Life Is Wild on the Outlaw Fringe of Body Modification | New Times Broward-Palm Beach


Life Is Wild on the Outlaw Fringe of Body Modification

As a pulsating techno beat booms inside a hotel ballroom in downtown Miami, dozens of spectators watch a petite redheaded MC wearing green-and-black striped tights, a lace corset, and a fake carnival barker's mustache. "Now we have Coco!" she bellows into a mic. "The big baby!"

The crowd hoots and whistles as Jose Eduardo Alvear, better-known as "Coco Stabs," saunters onto the stage. His bushy blond hair is pulled into tight buns, Björk-style. The blush on his cheeks softens his imposing 350-pound, six-foot-three frame. His gut hangs over white-and-green boxers, and a baby's bib covers the Sacred Heart of Jesus and eagle's wings inked on his broad chest. On his left hand, an outline of brass knuckles rises from his flesh thanks to a subdermal implant, a type of jewelry surgically placed beneath the skin.

Coco turns briefly to reveal four stainless-steel clamps pinching through the skin between his massive shoulder blades. Two friends, both heavily tattooed, grab a winch and attach it to Coco's back.

The MC shouts, "This is not your normal-sized man! It will not take one, but two, people to pull this big baby up!"

Applause drowns out the house track. Coco's compatriots pull on a rope, lifting him four feet off the ground. The skin on his back stretches like saltwater taffy from the Atlantic City boardwalk. Thin streams of blood trickle from the puncture points. Coco bobs his head to the music while the MC's assistant, a pretty young woman in a pink tutu, spins him with a cane.

The performance, part of a TattooLaPalooza expo, offers a rare local glimpse into a culture that's booming in the underground around the country but remains a fringe in South Florida. Suspension — hanging in the air by steel hooks implanted in flesh — is just one part of a scene that goes way beyond ink-jobs and nose rings. Adherents stretch earlobes into giant doughnut holes, pierce their backs to create skin corsets, brand their flesh, and carve out decorative scars.

Miami-Dade has long been a hotbed of tattooing culture, with its 122 parlors nearly equal to the number in Broward and West Palm combined (where 144 are registered). The hit reality show Miami Ink filmed for six years at Love Hate Tattoos in the heart of South Beach, and thousands of dollars are spent on tattoos and piercings every weekend.

But extreme body modifiers such as Coco remain part of a true underground in the Magic City. While Broward's scene has flourished by comparison — with regular suspension parties in Fort Lauderdale at clubs like the Green Room — Dade's population of kids born to conservative Latin American families often struggles for acceptance. And throughout the Sunshine State, the scene is hindered by laws against some of the bolder procedures — including subdermal implants, like Coco's brass knuckles.

"I hate it," Coco's mom, Rosillo Alvear, says of her 32-year-old son's lifestyle. "His father and I have always been clean-cut and presentable. My son will never be able to get a normal job the way he looks."

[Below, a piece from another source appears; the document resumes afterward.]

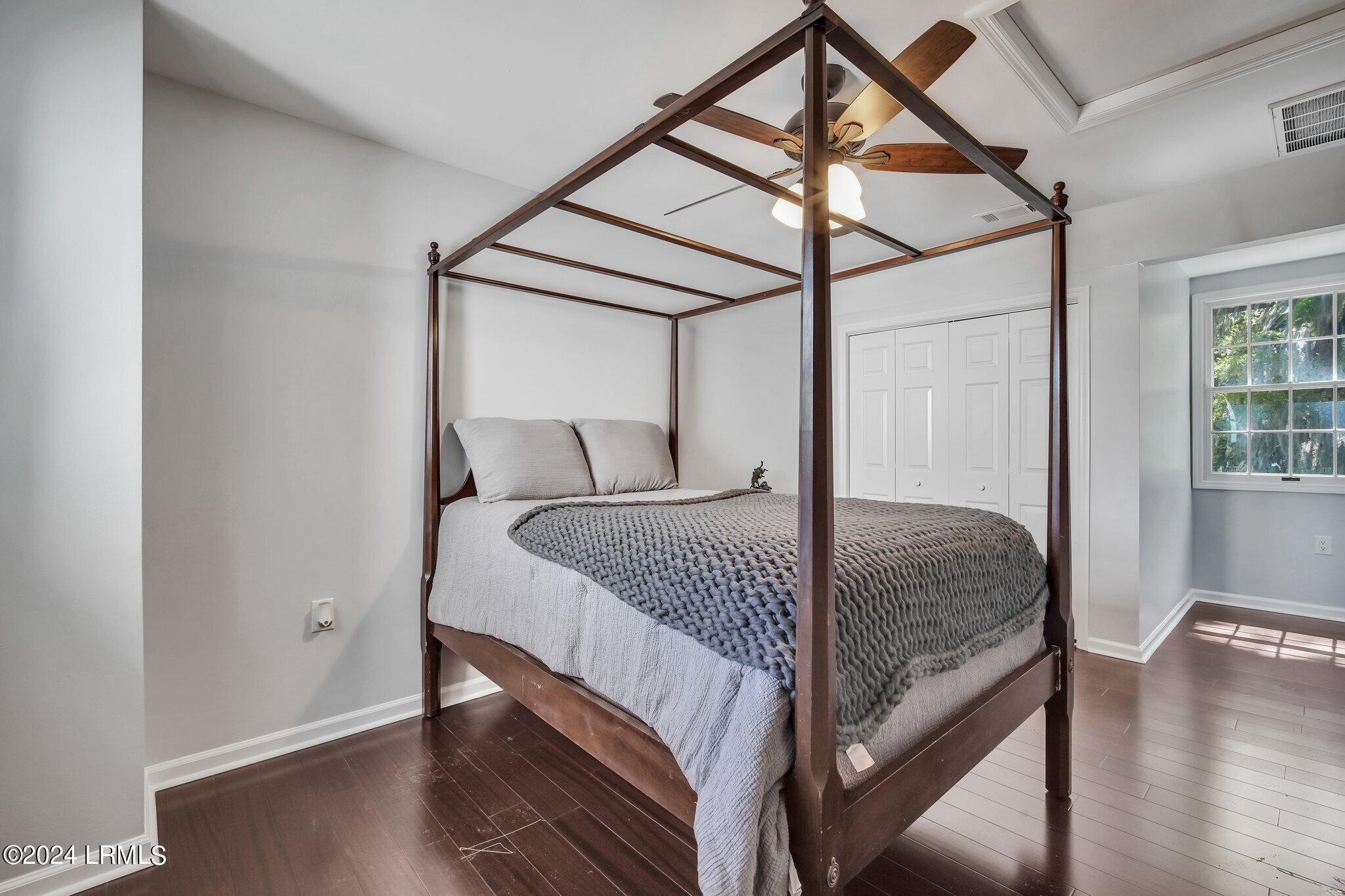 402 Island Circle E, St. Helena Island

Pull back the curtain, though, and Dade is full of true believers willing to risk social stigma and legal action to pursue their passion. Guys like Coco put on shows while suspended from their backs. Others, like Steven Rodriguez, a Hialeah native who calls himself "Dazed," ink themselves from head to toe. Even more alien are deep thinkers such as Michael Alberta, a Miami Beach artist and piercer who adheres to a philosophy called "transhumanism" that preaches melding bodies with the latest technology.

Why do they pour their energy into altering their bodies in such extreme ways — especially in an image-obsessed town that mostly sees their brand of body fixation as freakish?

The answers are as varied as the tats running up and down Coco Stab's chest.

Humans have been altering their bodies with tattoos and piercings for eons. Australian Aborigines have scarred their flesh for more than 60,000 years. Hill tribes in northern Thailand, Laos, and Burma started stretching their earlobes centuries ago. Native Americans from the Mandan Tribe in the Dakotas began suspending themselves on spears stuck through their backs in the 1700s. Ötzi the Iceman, whose DNA was traced back to 3300 B.C., and Egypt's King Tutankhamun both decorated their earlobes with jewelry.

Not until the late 20th Century, though, did the trend hit America in a big way. Tattooing enjoyed brief popularity in the '40s, as thousands of soldiers and sailors readied to fight Nazis by inking patriotic designs. But by the '60s, with World War II long passed, tats had become associated with criminals, motorcycle gangs, and carnies.

In the mid-'70s, the first professional piercing shops opened in California, says James Weber, former president of the Association of Professional Piercers (APP). "It grew out of the gay leather underground scene," Weber says. "In the 1980s, piercing hit the bohemian punk rock scene. And in the 1990s, it went mainstream."